The Anti-Abuse Bond: Putting Honesty Up as Collateral

Posted by catrya on 2026-06-17 12:00

Building a decentralized, censorship-resistant, and private P2P exchange system on Nostr, like Mostro, comes with a hard challenge: how do you mitigate abuse?

A malicious user can try to flood a Mostro’s order book with spam offers, just to be a nuisance and bury the real offers in the noise. Or the other way around: empty the book by taking every offer just so they vanish. And since Mostro is anonymous—and creating a new identity is as easy as generating a key pair—there are also those who simply try to scam their counterparty. How do you stop both the one sabotaging the order book and the one trying to scam other users?

It’s true that we already have defenses. Against scams, there is a dispute system, and the escrow’s hold invoice is not released until the seller confirms they received the fiat, so a scammer rarely achieves their goal; and against spam, Mostro applies a proof of work that makes flooding the network with events more expensive. But neither was enough: for the scammer, trying cost nothing, and the proof of work doesn’t stop a determined attacker. Whoever tried and failed would simply try again.
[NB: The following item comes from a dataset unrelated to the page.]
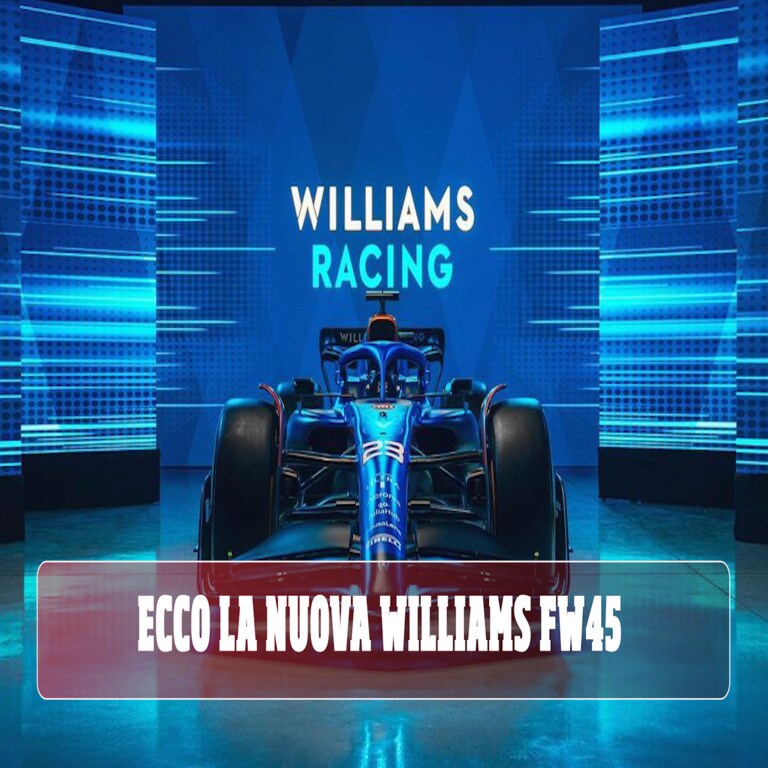 F1 2023, la Williams toglie i veli alla nuova FW45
A decision that took us time

We had been thinking about an anti-abuse bond for a while, but what held us back was this: if someone completely new wants to buy sats, how are they going to pay a bond if they don’t have sats yet?
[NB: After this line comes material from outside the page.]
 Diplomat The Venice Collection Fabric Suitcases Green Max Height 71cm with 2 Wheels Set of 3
The answer was not to impose it. We decided this feature would be optional: each Mostro node administrator can enable it or not, and set whatever conditions they see fit according to the characteristics of their own community. A node aimed at newcomers can do without it; another one, more exposed to abuse, can turn it on. The network decides, not us.
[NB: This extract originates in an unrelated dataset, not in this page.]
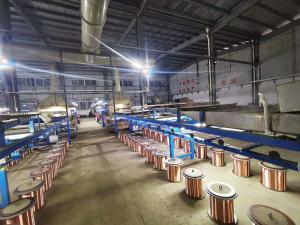 Continuous Copper Wire Tinning Machine 700 Degree 350M/Min 4 Zones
What is the anti-abuse bond?

The idea is the same as a rental deposit. When you rent an apartment they ask you for a security deposit: if you return everything in order, you get it back in full; you only lose it if you break something. It works because it aligns incentives—you take better care of what you know could cost you.

In Mostro, when entering a trade you put up a small amount of sats as collateral that you get back in full if you act in good faith, but which you lose if you try to scam your counterparty, empty the order book or spam it, or if you fail to do your part. The consequence is direct: both the scammer and the spammer stop playing for free. They now put their own money at risk, and that discourages abuse before it happens.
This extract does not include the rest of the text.